_Directions for this task_
Look through the records below for the line holding "Guido Cagnacci, Der". Write it out exactly, with each following line through the line holding "Cast La Coalition".

==== Records supplied

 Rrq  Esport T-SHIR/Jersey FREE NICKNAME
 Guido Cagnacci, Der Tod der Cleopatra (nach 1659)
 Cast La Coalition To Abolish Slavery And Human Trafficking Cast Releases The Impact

========
==== Records supplied

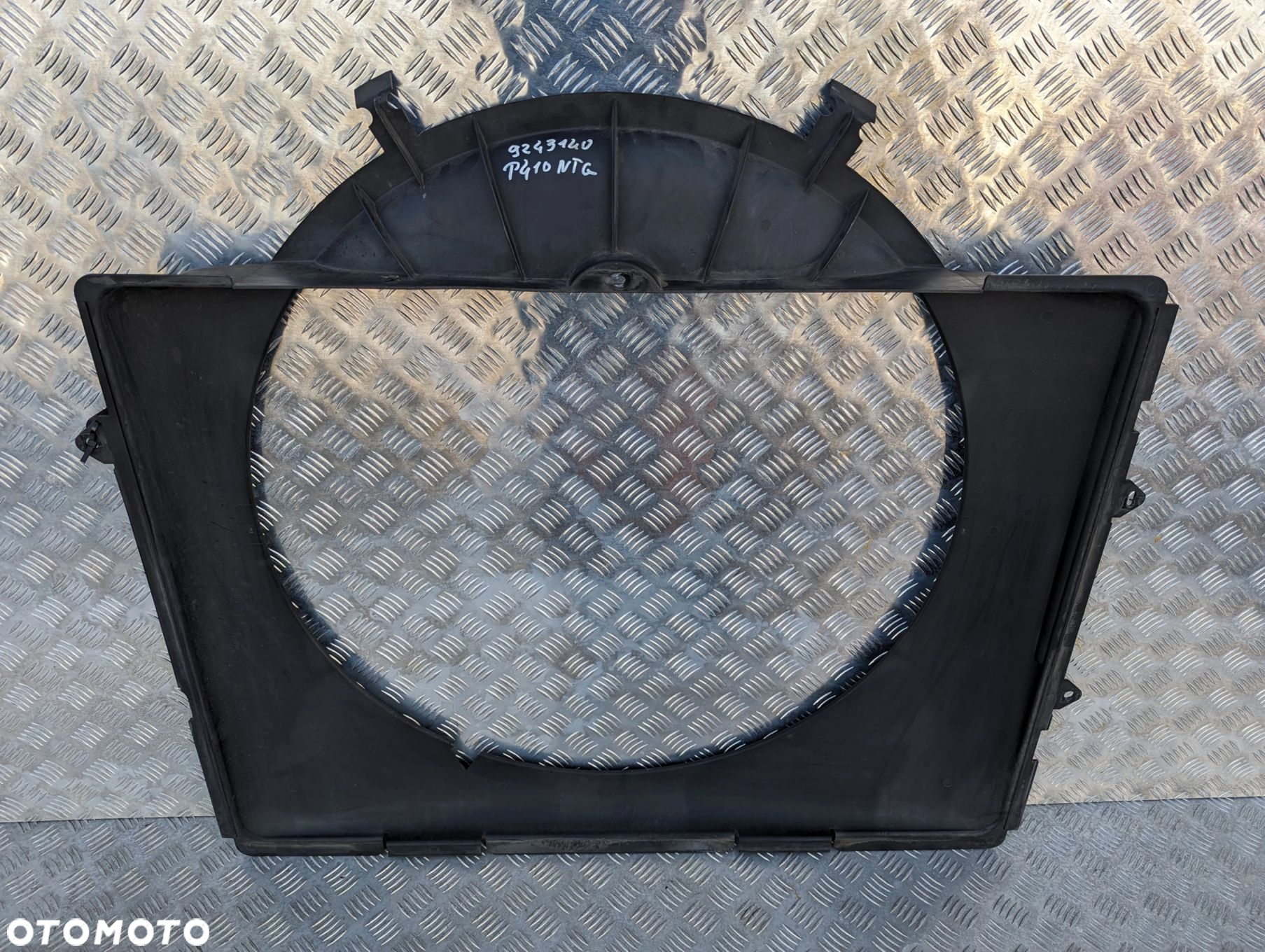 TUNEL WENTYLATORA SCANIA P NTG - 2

========
==== Records supplied

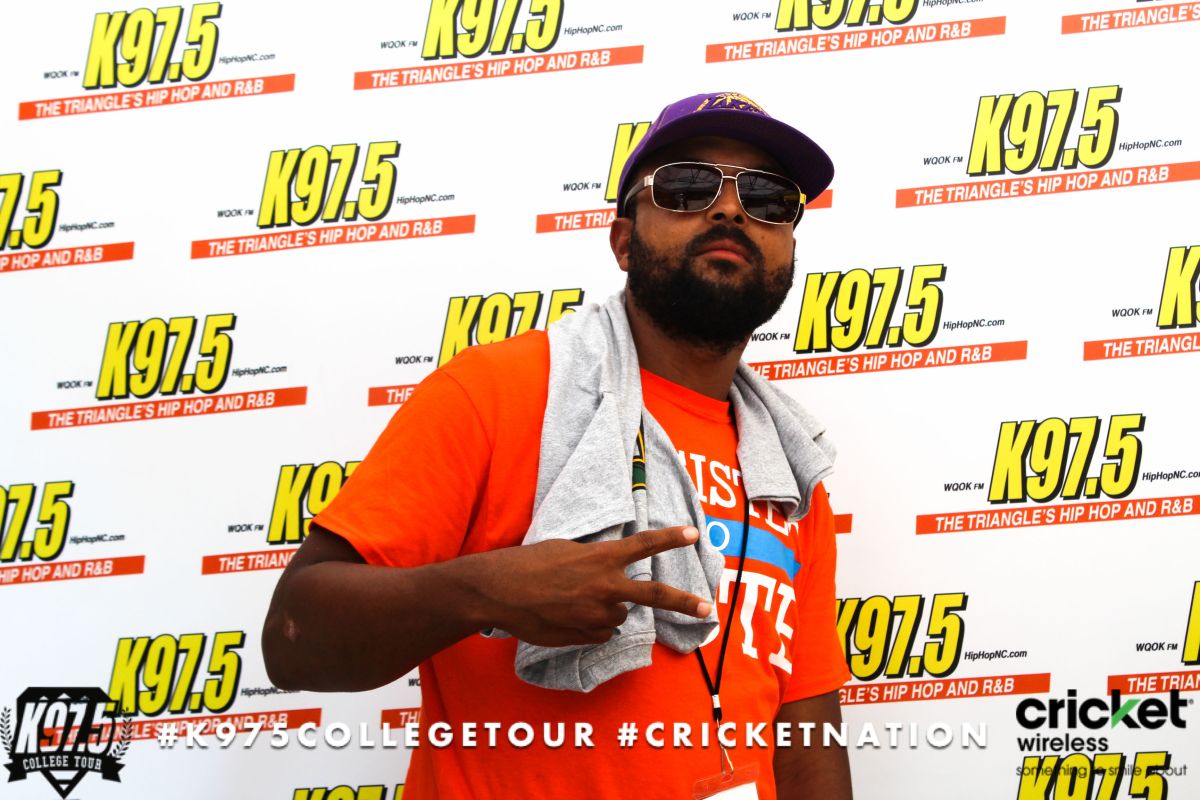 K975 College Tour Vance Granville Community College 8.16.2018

========

_Response box_
 Guido Cagnacci, Der Tod der Cleopatra (nach 1659)
 Cast La Coalition To Abolish Slavery And Human Trafficking Cast Releases The Impact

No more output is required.